La crise va effacer 840.000 emplois cette année prédit l’Insee . De quoi reléguer en arrière-plan le problème, très prégnant dans les mois d’avant confinement, des difficultés de recrutements sur certains métiers ? Pas vraiment.
Non seulement ces tensions sont revenues avant leur niveau d’avant la crise sanitaire pour certains postes – chefs de chantiers ou conducteurs de travaux par exemple. Mais elles constituent un frein potentiel pour la reprise, estime le ministère du Travail dans une étude publiée jeudi.

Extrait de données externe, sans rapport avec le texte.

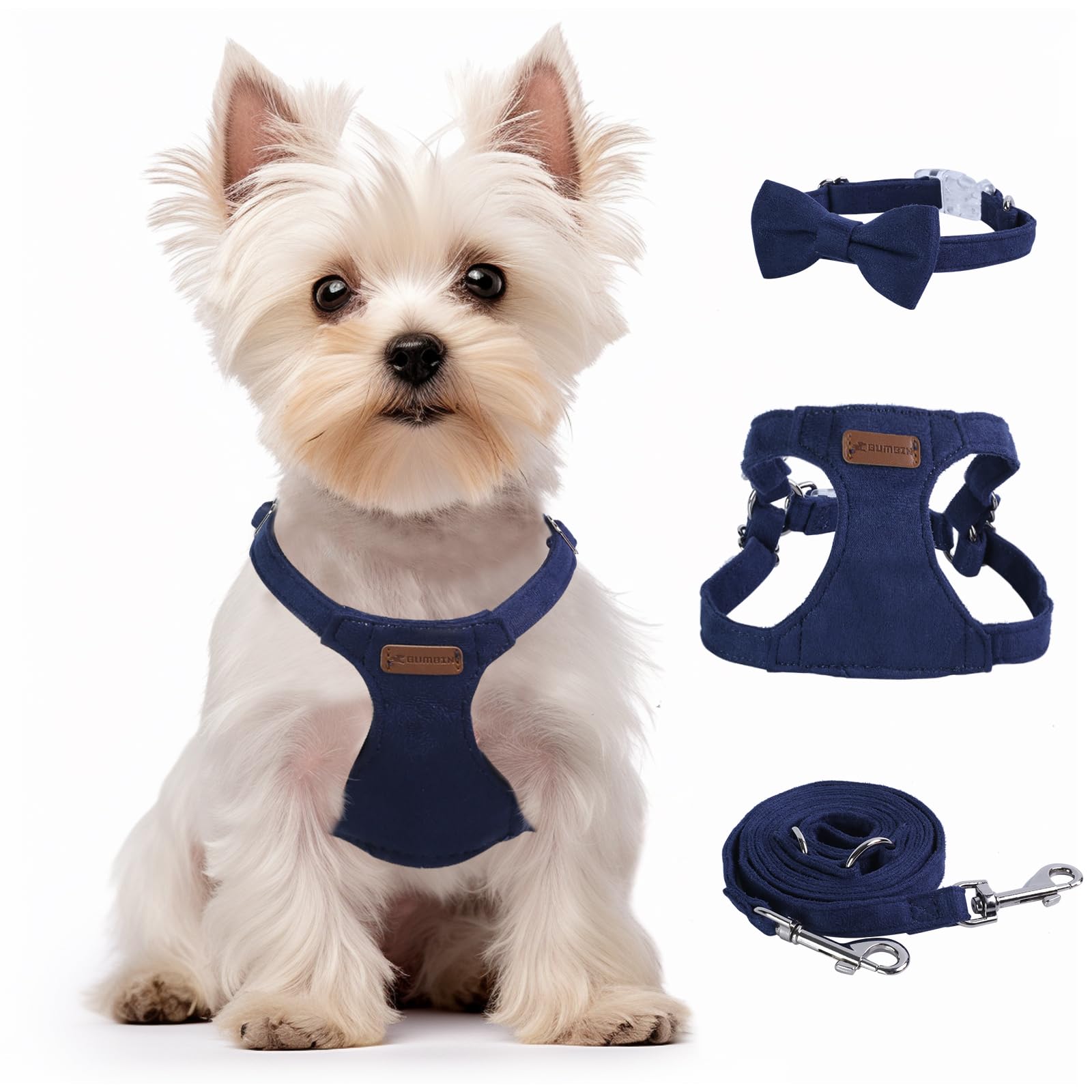 Dog Harness And Leash Set, Xs No Pull Adjustable Puppy Harness With Multifunction Denim Blue Dog Leash And Collar, Soft No Choke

Décidé à prendre le taureau par les cornes, Matignon a inscrit le sujet à l’ordre du jour, déjà très fourni, des concertations avec les partenaires sociaux. Les échanges ont d’ailleurs démarré dès lundi, lors de la deuxième séance durant laquelle syndicats et patronat ont pu découvrir un nouvel outil de mesure, annuel pour l’instant, décliné sur 186 métiers et jusqu’au territoire.
Plusieurs indicateurs
Développé par la Dares, la direction statistique du ministère, et Pôle emploi, cet outil fournit un indicateur principal, nourri notamment par le nombre d’offres d’emploi par chômeur sans activité. A cela s’ajoutent six indicateurs complémentaires susceptibles d’éclairer sur les causes de ces tensions : volume des embauches, conditions de travail, qualité des emplois proposés ou encore manque de main-d’oeuvre disponible.
Sans surprise, compte tenu de l’amélioration du marché du travail continue jusqu’au confinement, il en ressort que les tensions n’ont jamais été aussi fortes depuis 2011 que l’année dernière. Sur les trois premières marches des métiers les plus difficiles à pourvoir on trouvait en premier celui de dessinateur en électricité ou électronique, suivi de celui de technicien en mécanique et travail des métaux, puis d’ingénieur du bâtiment et des travaux publics, chef de chantier et conducteur de travaux.
Trois questions
Tel que conçu, cet outil ne peut pas éclairer ce qu’il en sera en 2020 même s’il est très probable que, compte tenu de la chute des embauches notamment, l’indicateur national tous métiers confondus soit en baisse, estime la Dares. Reste que l’impact de la crise n’est pas le même dans chaque profession ou chaque territoire. « Il existe des tensions sur des métiers dont on parle depuis des décennies et qu’on ne résorbe pas parce que les acteurs se désignent les uns les autres », souligne-t-on dans l’entourage de la ministre du Travail, Elisabeth Borne.
Le chantier est vaste, mais certains s’interrogent sur le calendrier visé, premier semestre 2021 a priori même si cela n’a pas été indiqué officiellement. De la séance de concertation lundi, syndicats et patronat sont ressortis avec trois questions sur lesquelles le ministère leur a demandé de plancher : par quelles branches professionnelles démarrer parmi les plus concernées (une demi-douzaine maximum), comment travailler avec elles (sous le pilotage de l’Inspection générale des affaires sociales ou d’une personnalité qualifiée) et à quelle date fournir des plans d’actions ?
Chaque confédération doit donc contacter ses fédérations pour fournir une liste de candidats, tout cela dans un délai très court, arrêter une méthode avant de plonger dans le fond du problème, branche par branche. Avec, déjà, quelques interrogations comme sur le fait que le salaire n’ait pas été pris en compte dans l’outil de la Dares et de Pôle emploi, souligne Karen Gournay, secrétaire confédéral à FO.